- About this task -
The required output is the stretch from the line containing "Apartment A1, for 5 persons" through the line containing "123 Millet Street N, Dix Hills, NY 11746" in the records below, unaltered and with no pictures.

(Input data)

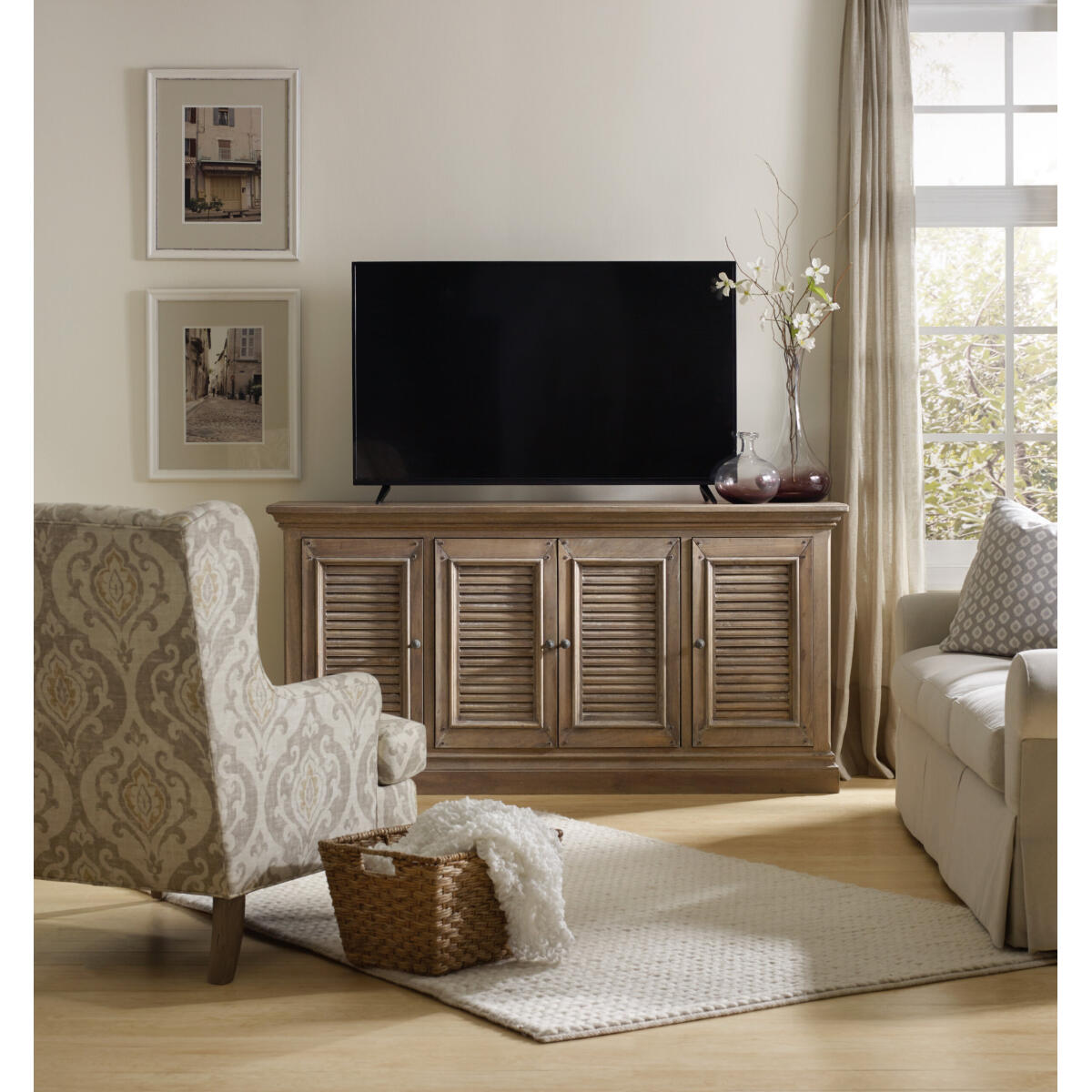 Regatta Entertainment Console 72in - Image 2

(End Input data)
(Input data)

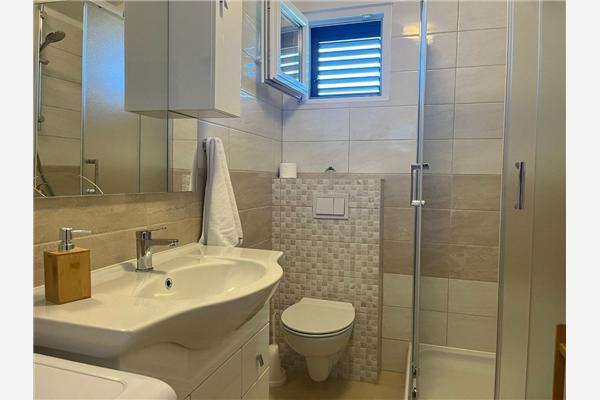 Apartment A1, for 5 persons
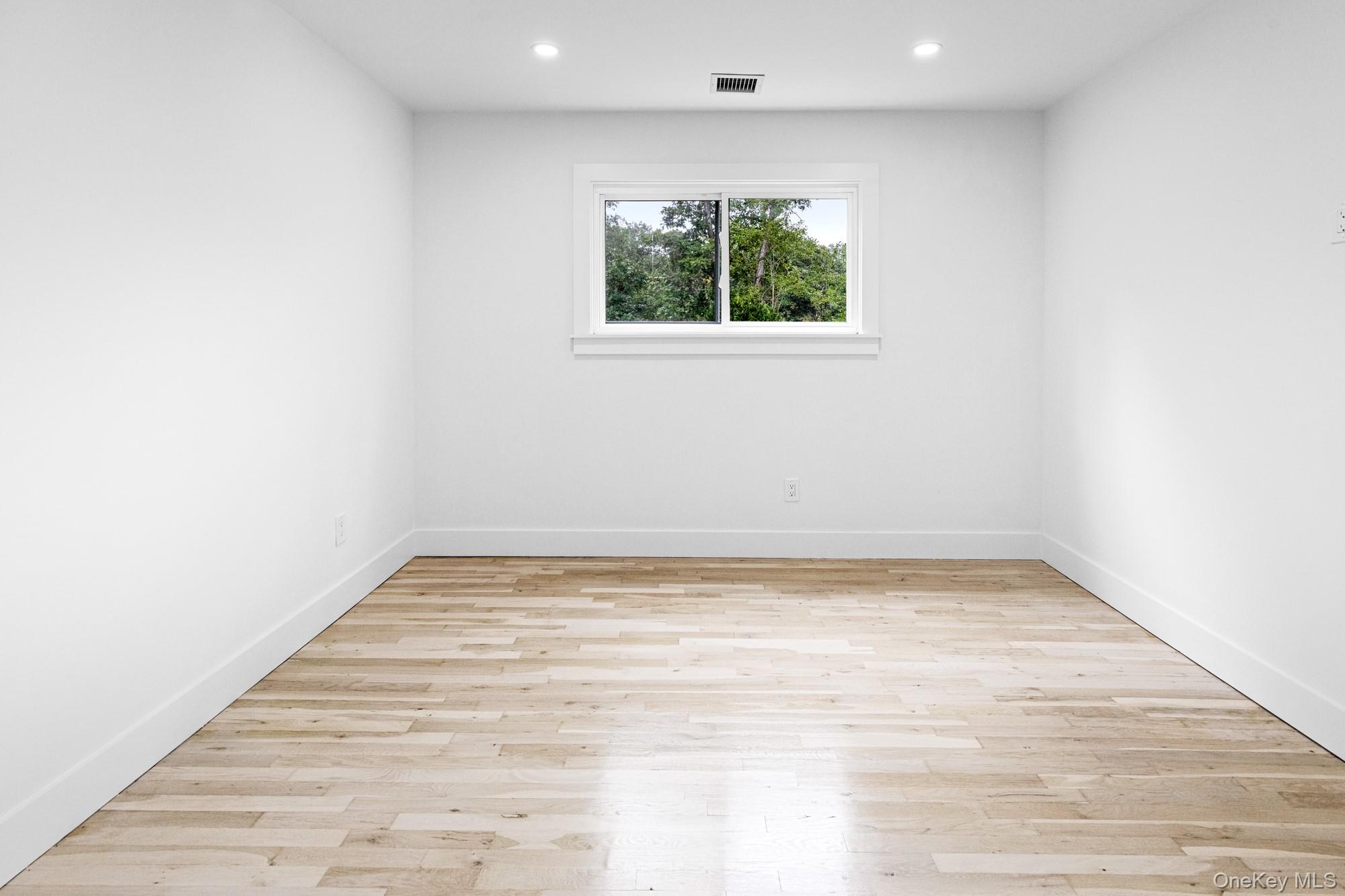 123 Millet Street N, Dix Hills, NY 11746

(End Input data)
(Input data)

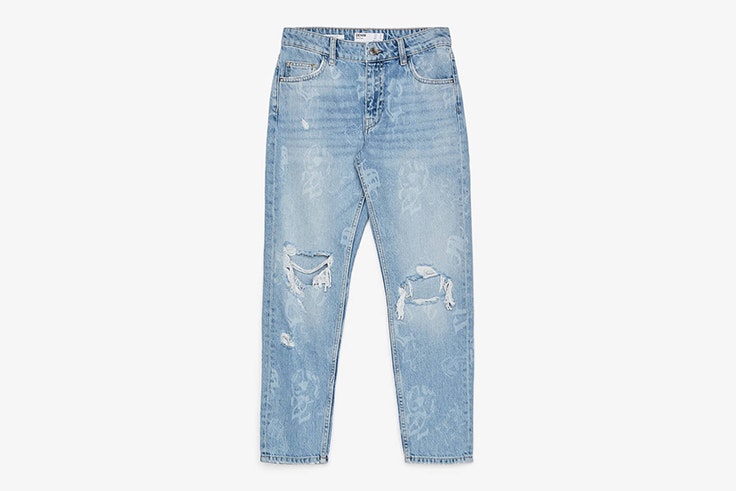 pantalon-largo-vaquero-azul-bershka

(End Input data)

- Reply -
 Apartment A1, for 5 persons
 123 Millet Street N, Dix Hills, NY 11746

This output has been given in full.